WORK REQUEST:
Beginning with the line that contains "Stethoscope icon in", retype the entries below exactly, ending with the line that contains "ABC Toy Blocks". Leave out any pictures.
DATA SECTION below:
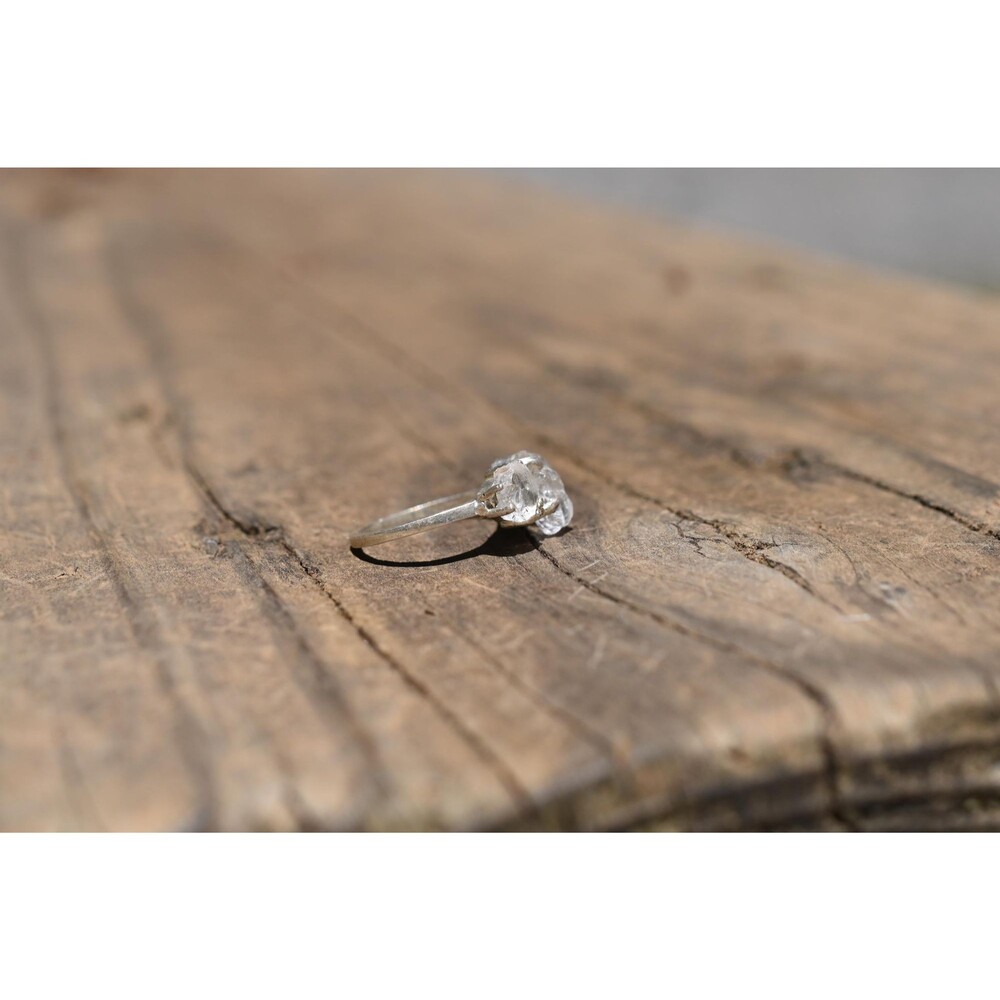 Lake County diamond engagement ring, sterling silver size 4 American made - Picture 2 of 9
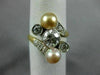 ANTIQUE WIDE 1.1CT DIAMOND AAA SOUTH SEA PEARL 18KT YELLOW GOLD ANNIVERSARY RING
End of DATA SECTION.
DATA SECTION below:
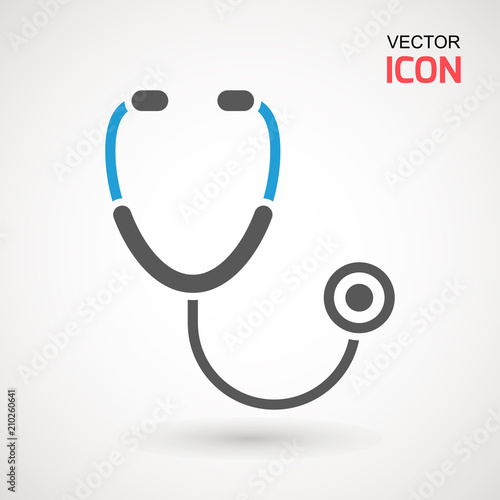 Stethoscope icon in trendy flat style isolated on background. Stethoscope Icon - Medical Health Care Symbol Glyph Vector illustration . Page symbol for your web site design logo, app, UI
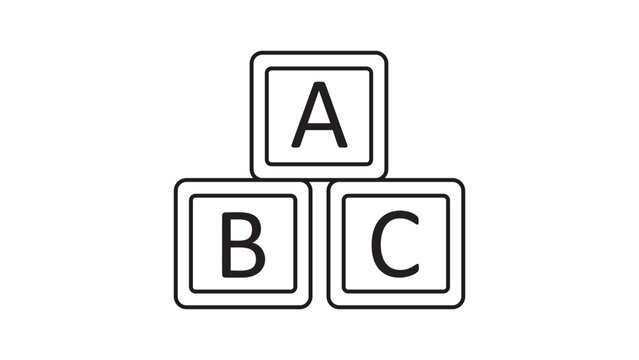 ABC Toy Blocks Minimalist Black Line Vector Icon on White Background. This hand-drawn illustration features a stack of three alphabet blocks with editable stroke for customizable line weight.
End of DATA SECTION.
TASK ANSWER:
 Stethoscope icon in trendy flat style isolated on background. Stethoscope Icon - Medical Health Care Symbol Glyph Vector illustration . Page symbol for your web site design logo, app, UI
 ABC Toy Blocks Minimalist Black Line Vector Icon on White Background. This hand-drawn illustration features a stack of three alphabet blocks with editable stroke for customizable line weight.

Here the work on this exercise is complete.